Israel is not the only country setting rules governing its border crossings.

“During the Iranian hostage crisis, President [Jimmy] Carter signed an executive order stopping all Iranians from entering the U.S. because he thought they would endanger the safety and security of America,” according to Mort Klein, president of the Zionist Organization of America. “He did it unilaterally; in Israel it went through channels [the Knesset].”

Rabbi Wise said that although she and the four other Jewish, Christian and Muslim leaders were barred from boarding the Lufthansa flight to Israel on July 23 from Dulles International Airport in Washington, D.C., other members of the Interfaith Network for Justice in Palestine were permitted to attend the 10-day gathering.

“Among them are three-to-five visible activists,” she said. “These are people who under their [Israel’s] own rules should not have been allowed in. … I don’t believe there is currently a list of people who are not allowed entry, and that might account for the uneven implementation of the law.”

Alana Krivo-Kaufman of Brooklyn, a JVP staff member who was also barred from the flight, said the “interfaith delegation was planning to meet with community organizations, human rights organizations, Palestinians and Israelis who are working for social transformation and for peace. The whole delegation was 23 people and the majority traveled together from Dulles Airport. … The other 18 were allowed to go and are there now.”

Three of the five kept from the flight were with JVP. The others were from the two other groups that comprised the delegation — American Muslims for Palestine and the Presbyterian Peace Fellowship, which is active in the Presbyterian Church (U.S.A.), a group that three years ago voted to divest from some companies that do business in Israel as a form of protest against Israel’s treatment of Palestinians.

Both the Anti-Defamation League and the American Jewish Committee opposed the anti-BDS legislation when it was first discussed. The ADL said on Twitter: “Israel’s democracy, pluralism, open society serve as best defense against #BDS. New law harms rather than helps.”

The AJC’s CEO, David Harris, acknowledged Israel’s right to border control and the country’s desire to defend its legitimacy. But he said in a statement that barring visitors for their political views “will not by itself defeat BDS, nor will it help Israel’s image as the beacon of democracy in the Middle East ….”

“BDS is presented as if it were a political argument to fight occupation, but it is a way to delegitimize the State of Israel…”

But neither the ADL nor the AJC has commented on last week’s implementation of the law.
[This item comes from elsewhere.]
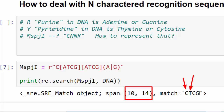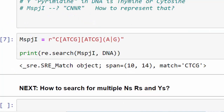In the next tutorial I'm going to go through the process of searching for multiple N's, R's, and Y's in a DNA sequence — for example, searching for a particular tandem of N's in a DNA sequence. That will be the subject of the next tutorial. I hope you enjoyed this tutorial, and thank you for joining me.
Logan Bayaroff, a spokesman for J Street, said his organization “clearly opposed” the law when it was discussed in the Knesset. Now that it has been implemented, he said, “it is certainly chilling to see Jewish activists — no matter how much you disagree with their views — banned like this.”

But the law has wide support in Israel, according to Zalman Shoval, a former Israeli ambassador to the United States.

“Most people here support it and are very angry at those who support BDS,” he told The Jewish Week. “BDS is presented as if it were a political argument to fight occupation, but it is a way to delegitimize the State of Israel. … It is about the very right of the Jewish people for a state, and therefore most of the public and political opinion both on the right and on the left are opposed to BDS.”

Meanwhile, the proposed Anti-Israel Boycott Act now before the U.S. Senate and House continues to confuse. New York Sen. Kirsten Gillibrand, a co-sponsor, met with representatives of the American Civil Liberties Union and now believes the bill needs to be changed to avoid an ambiguity spotted by the ACLU. The ACLU said it believes the bill as written would impose penalties on individuals and not only companies that support BDS.

Other lawmakers, including fellow New York Democrat Charles Schumer, insist the ACLU is wrong in its broad interpretation of the legislation. He and others contend the bill simply updates the Export Administration Act of 1979 to encompass intergovernmental groups like the European Union that have supported BDS — and that it applies to companies only.